*** Opening AVAILABLE RECORDS ***

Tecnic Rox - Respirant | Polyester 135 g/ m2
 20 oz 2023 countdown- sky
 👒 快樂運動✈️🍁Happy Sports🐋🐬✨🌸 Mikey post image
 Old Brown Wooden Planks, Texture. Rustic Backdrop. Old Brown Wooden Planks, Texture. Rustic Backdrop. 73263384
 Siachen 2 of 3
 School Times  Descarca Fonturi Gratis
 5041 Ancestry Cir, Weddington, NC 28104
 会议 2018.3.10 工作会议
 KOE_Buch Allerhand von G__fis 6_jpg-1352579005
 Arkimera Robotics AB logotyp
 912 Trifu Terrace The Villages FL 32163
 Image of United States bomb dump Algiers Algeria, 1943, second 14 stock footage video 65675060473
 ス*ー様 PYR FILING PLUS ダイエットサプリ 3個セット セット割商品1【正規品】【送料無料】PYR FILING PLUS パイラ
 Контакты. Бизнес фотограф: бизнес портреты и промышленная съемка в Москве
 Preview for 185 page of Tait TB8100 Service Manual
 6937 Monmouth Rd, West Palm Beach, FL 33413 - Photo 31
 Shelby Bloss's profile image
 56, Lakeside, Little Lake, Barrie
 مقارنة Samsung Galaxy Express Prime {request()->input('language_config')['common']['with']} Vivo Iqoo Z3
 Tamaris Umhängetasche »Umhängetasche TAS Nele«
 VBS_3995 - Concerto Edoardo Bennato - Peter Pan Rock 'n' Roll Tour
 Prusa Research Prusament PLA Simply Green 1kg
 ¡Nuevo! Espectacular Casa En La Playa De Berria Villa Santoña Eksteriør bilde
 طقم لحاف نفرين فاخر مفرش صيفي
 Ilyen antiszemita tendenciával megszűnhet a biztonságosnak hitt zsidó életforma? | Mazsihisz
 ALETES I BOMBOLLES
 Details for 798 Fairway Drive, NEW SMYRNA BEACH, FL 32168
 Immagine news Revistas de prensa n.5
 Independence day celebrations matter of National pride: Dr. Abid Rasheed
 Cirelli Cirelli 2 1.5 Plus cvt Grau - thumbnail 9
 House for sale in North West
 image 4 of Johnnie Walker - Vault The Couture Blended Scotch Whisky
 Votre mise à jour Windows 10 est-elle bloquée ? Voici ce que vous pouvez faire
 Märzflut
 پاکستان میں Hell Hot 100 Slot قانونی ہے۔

*** Closing AVAILABLE RECORDS ***

- [TASK]: Retype all of the records above, keeping them identical.

- [SOLUTION FOR THIS TASK]:
Tecnic Rox - Respirant | Polyester 135 g/ m2
 20 oz 2023 countdown- sky
 👒 快樂運動✈️🍁Happy Sports🐋🐬✨🌸 Mikey post image
 Old Brown Wooden Planks, Texture. Rustic Backdrop. Old Brown Wooden Planks, Texture. Rustic Backdrop. 73263384
 Siachen 2 of 3
 School Times  Descarca Fonturi Gratis
 5041 Ancestry Cir, Weddington, NC 28104
 会议 2018.3.10 工作会议
 KOE_Buch Allerhand von G__fis 6_jpg-1352579005
 Arkimera Robotics AB logotyp
 912 Trifu Terrace The Villages FL 32163
 Image of United States bomb dump Algiers Algeria, 1943, second 14 stock footage video 65675060473
 ス*ー様 PYR FILING PLUS ダイエットサプリ 3個セット セット割商品1【正規品】【送料無料】PYR FILING PLUS パイラ
 Контакты. Бизнес фотограф: бизнес портреты и промышленная съемка в Москве
 Preview for 185 page of Tait TB8100 Service Manual
 6937 Monmouth Rd, West Palm Beach, FL 33413 - Photo 31
 Shelby Bloss's profile image
 56, Lakeside, Little Lake, Barrie
 مقارنة Samsung Galaxy Express Prime {request()->input('language_config')['common']['with']} Vivo Iqoo Z3
 Tamaris Umhängetasche »Umhängetasche TAS Nele«
 VBS_3995 - Concerto Edoardo Bennato - Peter Pan Rock 'n' Roll Tour
 Prusa Research Prusament PLA Simply Green 1kg
 ¡Nuevo! Espectacular Casa En La Playa De Berria Villa Santoña Eksteriør bilde
 طقم لحاف نفرين فاخر مفرش صيفي
 Ilyen antiszemita tendenciával megszűnhet a biztonságosnak hitt zsidó életforma? | Mazsihisz
 ALETES I BOMBOLLES
 Details for 798 Fairway Drive, NEW SMYRNA BEACH, FL 32168
 Immagine news Revistas de prensa n.5
 Independence day celebrations matter of National pride: Dr. Abid Rasheed
 Cirelli Cirelli 2 1.5 Plus cvt Grau - thumbnail 9
 House for sale in North West
 image 4 of Johnnie Walker - Vault The Couture Blended Scotch Whisky
 Votre mise à jour Windows 10 est-elle bloquée ? Voici ce que vous pouvez faire
 Märzflut
 پاکستان میں Hell Hot 100 Slot قانونی ہے۔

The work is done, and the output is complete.